There are lots of reasons you should design RESTfully, but I am going to now finally explain how it can help building client-server web applications.

Client-First Development
Now for the main observation of this post:

If you commit to designing a web service RESTfully, you can stub out the service directly on the file system. Your client can then access these static files exactly the same as the real service, until it is built.

Web servers, out of the box, will expose the file system as RESTful URLs. Now, ignoring POST/PUT/DELETE, it should be clear that you can stub out data for a truly RESTful service directly on the file system.

When you put this all together, you get what I am calling Client-First Development. By committing to REST, and building a RIA, your development process can change into the following cycle:
  • Decide upon a new feature/bug fix.
  • Add or update fixture files for the REST service on disk.
  • Update and unit test the client to use the new features of the REST service.
  • Iterate, refining fixture data (the mocked representation and resources) and the client.
  • Once happy with the client, write the server code & unit tests.
  • Write an integration test with the working server and client.
For most servers you won't need to do anything to switch from static files to dynamic data. In Rails, for example, if a controller method does not exist, it will fall back on the static file system. Once you implement the controller, it will override your static files.

In practice, it's helpful to have two local hostnames or a subdirectory called "static" that will always serve up the static data so you can freely use the client with both. When the client starts up it simply needs to be told where to get the data, the URL might point to a 'real' web service or simply the root of a static directory on the server.

Tips and Tricks

I've found this to be an incredibly useful way to develop RIAs in a YAGNI fashion. By mocking out parts of my RESTful service on the file system as I build the client I am able to prototype the client without writing server code. I write the server code once I am happy with my client code and fixture data's representation of my resources.
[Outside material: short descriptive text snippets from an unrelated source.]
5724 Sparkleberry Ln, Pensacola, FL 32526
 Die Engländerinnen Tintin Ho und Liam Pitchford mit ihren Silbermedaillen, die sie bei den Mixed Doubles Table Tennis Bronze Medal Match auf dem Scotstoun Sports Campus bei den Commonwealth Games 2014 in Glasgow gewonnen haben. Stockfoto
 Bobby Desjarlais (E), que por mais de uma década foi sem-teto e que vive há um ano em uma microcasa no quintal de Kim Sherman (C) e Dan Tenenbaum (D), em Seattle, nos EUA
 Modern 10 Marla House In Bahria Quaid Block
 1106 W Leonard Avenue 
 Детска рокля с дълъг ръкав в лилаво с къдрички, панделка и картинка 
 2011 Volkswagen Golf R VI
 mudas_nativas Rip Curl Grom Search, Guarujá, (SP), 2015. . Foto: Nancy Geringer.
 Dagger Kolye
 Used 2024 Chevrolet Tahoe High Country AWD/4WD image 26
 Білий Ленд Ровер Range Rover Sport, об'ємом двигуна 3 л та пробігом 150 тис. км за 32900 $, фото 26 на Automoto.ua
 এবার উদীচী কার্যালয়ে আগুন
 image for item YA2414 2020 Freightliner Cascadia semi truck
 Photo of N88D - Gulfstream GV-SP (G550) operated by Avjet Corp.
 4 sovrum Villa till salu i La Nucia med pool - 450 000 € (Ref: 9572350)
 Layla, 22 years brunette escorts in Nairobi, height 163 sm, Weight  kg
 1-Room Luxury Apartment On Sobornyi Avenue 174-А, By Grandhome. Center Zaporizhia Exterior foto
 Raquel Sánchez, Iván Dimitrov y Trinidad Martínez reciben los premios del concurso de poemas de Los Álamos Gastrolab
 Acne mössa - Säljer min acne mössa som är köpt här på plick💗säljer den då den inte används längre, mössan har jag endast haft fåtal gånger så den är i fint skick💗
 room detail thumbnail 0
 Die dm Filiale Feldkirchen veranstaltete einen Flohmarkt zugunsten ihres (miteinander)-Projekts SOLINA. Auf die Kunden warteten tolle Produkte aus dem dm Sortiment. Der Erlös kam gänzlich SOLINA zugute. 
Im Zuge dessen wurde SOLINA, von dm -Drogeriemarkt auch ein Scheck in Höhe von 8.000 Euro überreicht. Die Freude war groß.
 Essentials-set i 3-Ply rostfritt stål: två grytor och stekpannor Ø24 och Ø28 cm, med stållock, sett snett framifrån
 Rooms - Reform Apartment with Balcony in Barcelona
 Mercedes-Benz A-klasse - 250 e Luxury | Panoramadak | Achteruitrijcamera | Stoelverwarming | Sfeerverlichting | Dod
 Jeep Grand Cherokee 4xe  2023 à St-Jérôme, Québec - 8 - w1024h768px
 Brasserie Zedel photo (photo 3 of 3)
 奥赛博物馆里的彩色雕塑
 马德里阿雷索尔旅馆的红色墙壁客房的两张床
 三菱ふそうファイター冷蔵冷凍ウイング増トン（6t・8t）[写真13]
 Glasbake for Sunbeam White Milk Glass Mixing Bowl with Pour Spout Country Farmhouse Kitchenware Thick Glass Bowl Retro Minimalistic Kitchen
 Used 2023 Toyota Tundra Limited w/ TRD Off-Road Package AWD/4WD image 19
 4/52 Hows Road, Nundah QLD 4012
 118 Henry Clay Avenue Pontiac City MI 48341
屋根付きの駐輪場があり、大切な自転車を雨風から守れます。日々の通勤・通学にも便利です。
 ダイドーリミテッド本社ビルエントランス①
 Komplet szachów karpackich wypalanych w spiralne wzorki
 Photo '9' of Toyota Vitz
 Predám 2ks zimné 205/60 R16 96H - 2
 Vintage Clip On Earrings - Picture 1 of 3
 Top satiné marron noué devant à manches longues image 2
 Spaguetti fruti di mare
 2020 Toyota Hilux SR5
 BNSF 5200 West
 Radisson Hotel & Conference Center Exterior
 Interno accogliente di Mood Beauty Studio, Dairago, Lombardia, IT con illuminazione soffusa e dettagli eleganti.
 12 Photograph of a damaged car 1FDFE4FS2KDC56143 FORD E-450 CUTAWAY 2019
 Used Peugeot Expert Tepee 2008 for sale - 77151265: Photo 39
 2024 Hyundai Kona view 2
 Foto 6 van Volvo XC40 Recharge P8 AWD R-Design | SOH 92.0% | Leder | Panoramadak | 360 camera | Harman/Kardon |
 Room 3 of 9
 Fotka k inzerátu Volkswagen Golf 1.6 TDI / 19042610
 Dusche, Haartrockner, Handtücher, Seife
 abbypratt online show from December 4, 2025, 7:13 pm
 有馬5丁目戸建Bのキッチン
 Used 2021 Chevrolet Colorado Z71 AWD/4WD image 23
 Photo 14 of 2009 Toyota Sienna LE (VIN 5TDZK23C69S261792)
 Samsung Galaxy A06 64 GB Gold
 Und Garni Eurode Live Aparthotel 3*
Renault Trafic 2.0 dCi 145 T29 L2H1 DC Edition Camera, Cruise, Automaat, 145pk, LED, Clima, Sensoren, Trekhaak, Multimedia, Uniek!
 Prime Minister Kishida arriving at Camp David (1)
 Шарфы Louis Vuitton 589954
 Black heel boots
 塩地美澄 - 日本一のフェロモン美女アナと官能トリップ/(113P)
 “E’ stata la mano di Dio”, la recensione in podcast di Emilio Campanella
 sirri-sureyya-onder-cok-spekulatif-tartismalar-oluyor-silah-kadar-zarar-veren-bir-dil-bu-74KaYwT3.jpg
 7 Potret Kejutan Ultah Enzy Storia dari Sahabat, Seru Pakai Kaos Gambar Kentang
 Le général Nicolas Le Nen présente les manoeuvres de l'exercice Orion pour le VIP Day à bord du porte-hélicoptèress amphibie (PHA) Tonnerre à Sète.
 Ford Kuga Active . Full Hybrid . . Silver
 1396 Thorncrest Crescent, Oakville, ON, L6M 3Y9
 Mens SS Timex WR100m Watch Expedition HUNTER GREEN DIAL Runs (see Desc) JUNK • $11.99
One final question is how do you test non-GET operations using this technique? I simply log these operations for manual review for correctness. (Don't forget, integration testing is still necessary.) The side effects of a POST/PUT/DELETE are determined by the server, so the client can usually be built and tested without relying upon them. This works for me, but YMMV.

In conclusion, I think this synergy between REST and RIA is one that can greatly decrease the amount of cruft added to web services, by forcing you to build only what you need: if the client doesn't need it, then YAGNI!